19. The system of claim 12, where the instructions that cause the processor to perform a wavelet transform on the input speech frame cause the processor to tailor a wavelet to a type of transient to be substantially dampened.

20. The system of claim 12, where the instructions that cause the processor to receive the input speech frame cause the processor to:

receive an input speech signal; and

segment the input speech signal into frames.

21. The system of claim 12, where the wavelet transform further represents the input speech frame through multiple wavelet coefficients within a second wavelet level, and where the multiple wavelet coefficients within the second wavelet level comprise a second wavelet coefficient.

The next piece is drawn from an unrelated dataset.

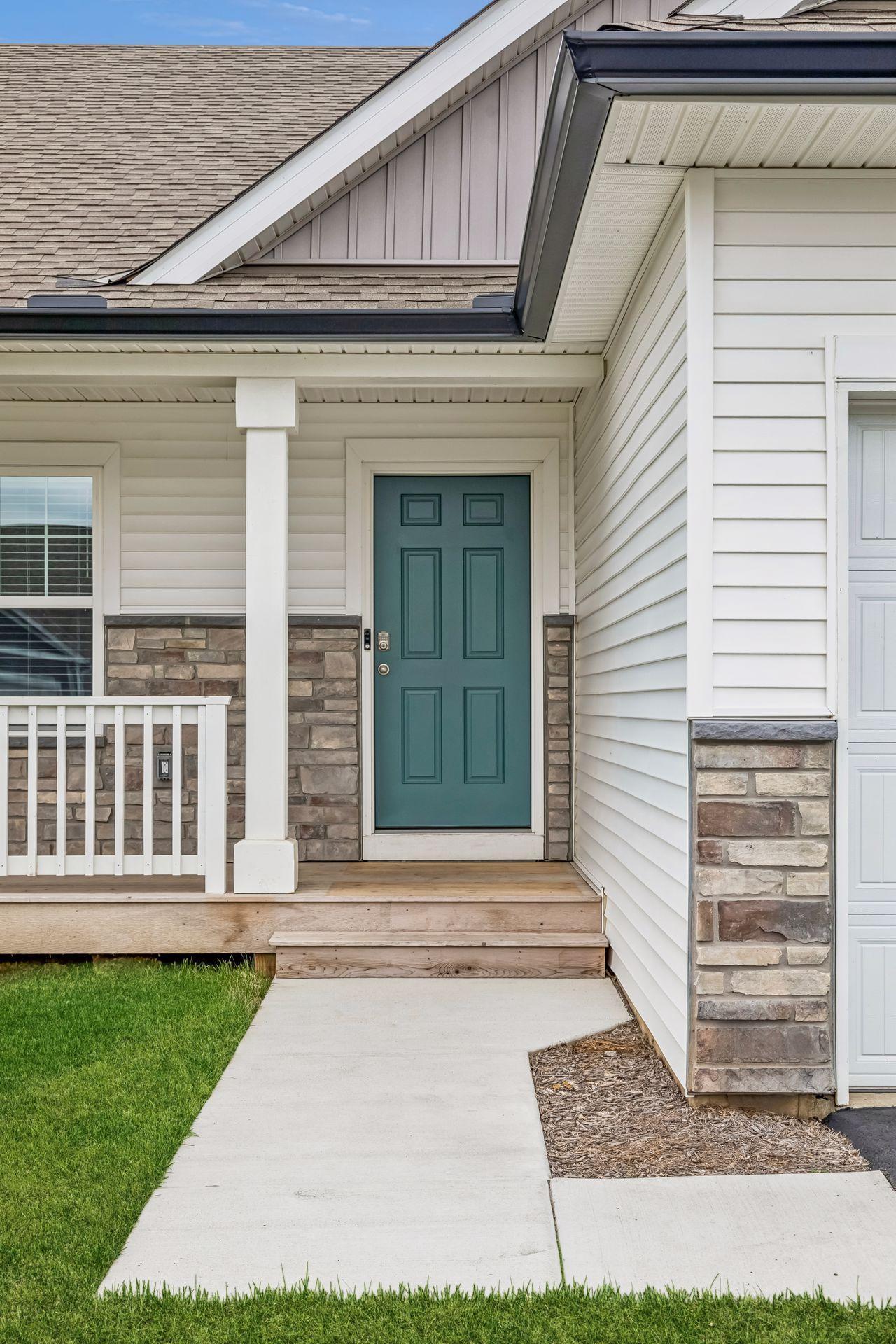 8261 Saddle Trail - Spacecrafting - 0011.jpg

22. The system of claim 21, further comprising instructions that cause the processor to:

determine a third threshold;

compare the second wavelet coefficient to the third threshold; and

adjust the first threshold where the second wavelet coefficient is greater than or substantially equal to the third threshold.

23. A product comprising:

a computer readable medium; and

programmable instructions stored on the computer readable medium that cause a processor in an transient noise removal system to:

receive an input speech frame;

perform a wavelet transform on the input speech frame to represent the input speech frame by a first wavelet coefficient and a second wavelet coefficient within a first wavelet level and a third wavelet coefficient and a fourth wavelet coefficient within a second wavelet level;

determine a first threshold, where the first threshold is a product of a first wavelet constant and the median of the first wavelet coefficient and the second wavelet coefficient;

determine a second threshold, where the second threshold is a product of a second wavelet constant and the median of the third wavelet coefficient and the fourth wavelet coefficient;

compare the first wavelet coefficient to the first threshold;

adjust the first wavelet coefficient when the first wavelet coefficient is greater than or substantially equal to the first threshold.

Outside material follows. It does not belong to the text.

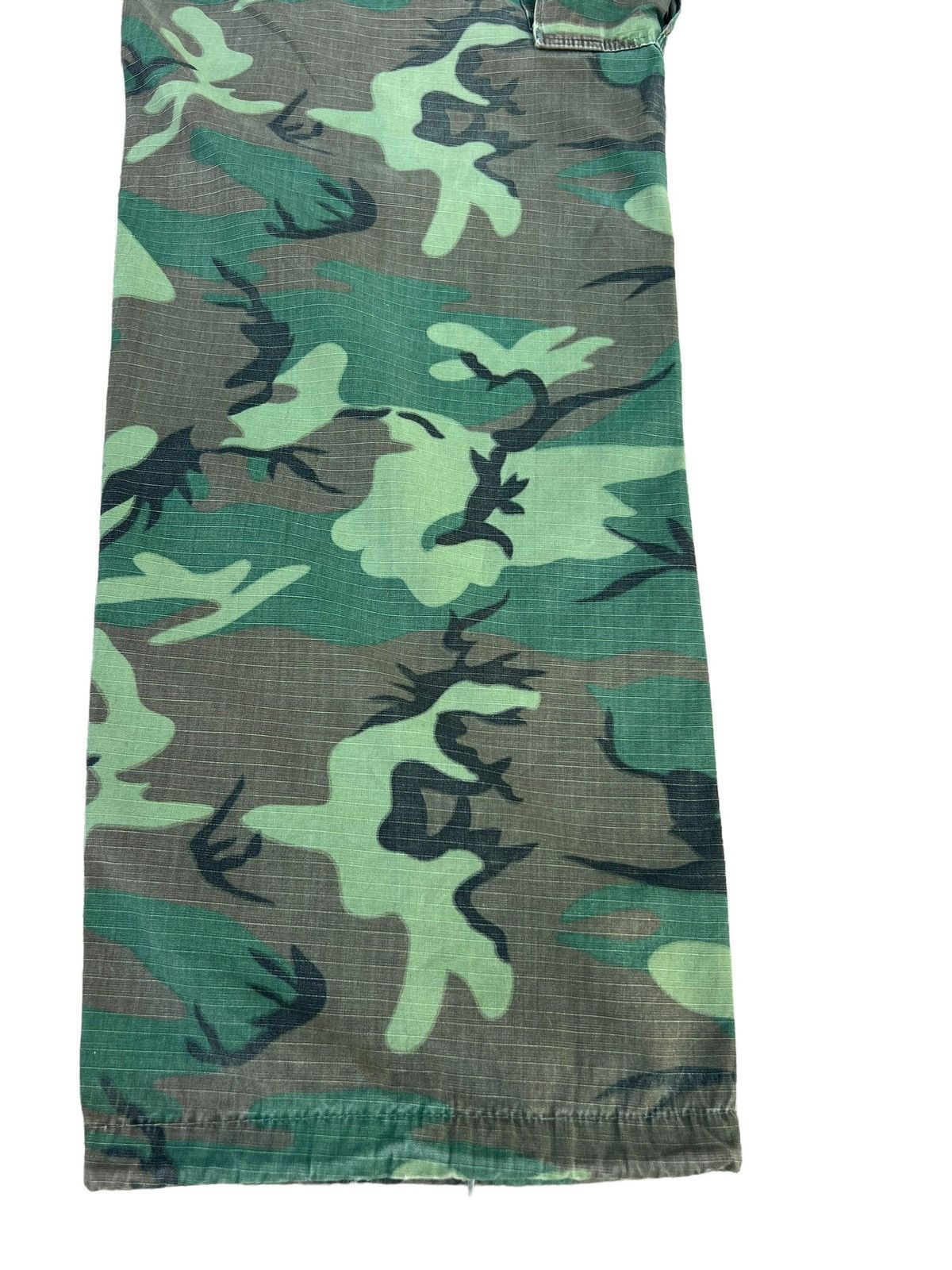 Vintage 60s 70s Nam War ERDL Camo Ripstop Poplin Trouser Pant Size US 32 / EU 48 - 19 Thumbnail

24. The product of claim 23, where the programmable instructions stored on the computer readable medium cause the processor to adjust the second threshold when the first wavelet coefficient is greater than or substantially equal to the first threshold.

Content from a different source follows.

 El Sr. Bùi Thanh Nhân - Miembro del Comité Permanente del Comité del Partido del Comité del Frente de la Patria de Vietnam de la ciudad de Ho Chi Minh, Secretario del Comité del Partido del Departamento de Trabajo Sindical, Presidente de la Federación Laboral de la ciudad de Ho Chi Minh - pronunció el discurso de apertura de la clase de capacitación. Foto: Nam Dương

25. The product of claim 24, where the programmable instructions stored on the computer readable the medium cause the processor to:

compare the third wavelet coefficient to the second threshold; and

adjust the third wavelet coefficient where the third wavelet coefficient is greater than or substantially equal to the second threshold.

26. The product of claim 24, where the programmable instructions stored on the computer readable medium that cause the processor to adjust the second threshold cause the processor to:

determine the position of the first wavelet coefficient within the first wavelet level; and

adjust the second threshold in consideration of the position of the first wavelet coefficient within the first wavelet level.

27. The product of claim 23, where the first wavelet constant is selected from a set of wavelet constants.

28. The product of claim 23, where the programmable instructions stored on the computer readable medium that cause the processor to determine a first threshold cause the processor to:

establish a wavelet window at a first position within the first wavelet level, where the first and the second wavelet coefficients are located within the wavelet window at the first position;

establish the first threshold as the product of the first wavelet constant and the median of the first and the second wavelet coefficients; and

establish the wavelet window at a second position within the first wavelet level.

29. The product of claim 23, where the programmable instructions stored on the computer readable medium that cause the processor to adjust the first wavelet coefficient cause the processor to set the first wavelet coefficient to approximately zero.

30. The product of claim 23, where the programmable instructions stored on the computer readable medium that cause the processor to adjust the first wavelet coefficient cause the processor to set the first wavelet coefficient to approximately equal the first threshold.